TASK BRIEF:
Exactly as they stand, repeat the lines from the one containing "Diễm Hương 'Gara" through the final line of the listing, both ends included, and nothing else; skip the pictures.

----- THE INPUT

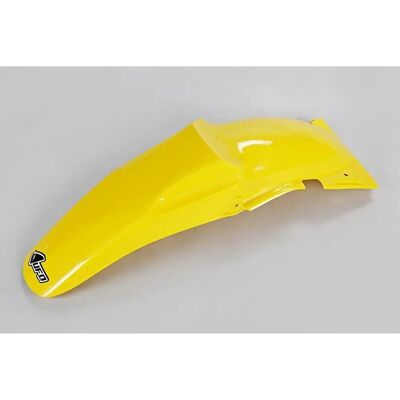 Ufo Gelber Hinterradkotflügel für Suzuki RM 125 (1996-2000) - Heckkotflügel Ufo Gelber Hinterradkotflügel für Suzuki RM 125 (1996-2000) - Heckkotflügel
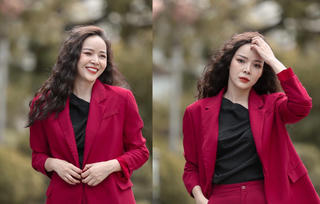 Diễm Hương 'Gara hạnh phúc': Đóng vai hiền e rằng… sẽ khó 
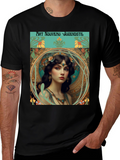 Art Nouveau T-Shirt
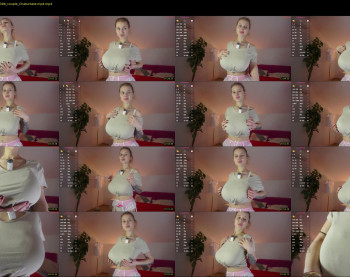 sweetyoops — 63 minute Chaturbate female naked cam show, 720p, Jan 31, 2026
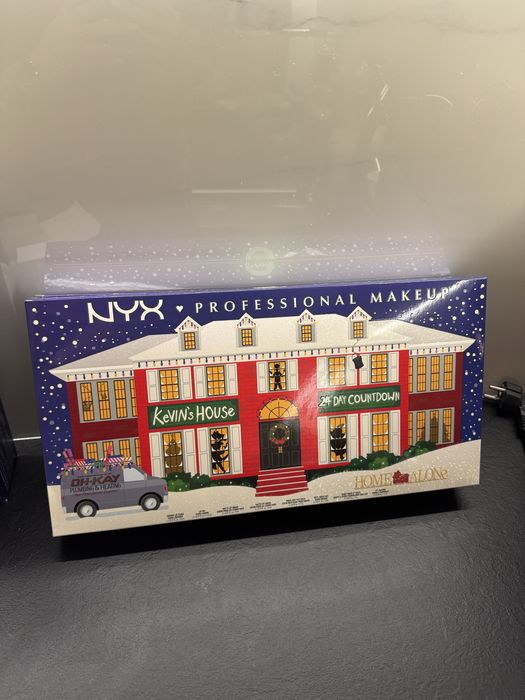 Nowy kalendarz Nyx adwentowy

----------

REPLY TO THE TASK:
 Diễm Hương 'Gara hạnh phúc': Đóng vai hiền e rằng… sẽ khó 
 Art Nouveau T-Shirt
 sweetyoops — 63 minute Chaturbate female naked cam show, 720p, Jan 31, 2026
 Nowy kalendarz Nyx adwentowy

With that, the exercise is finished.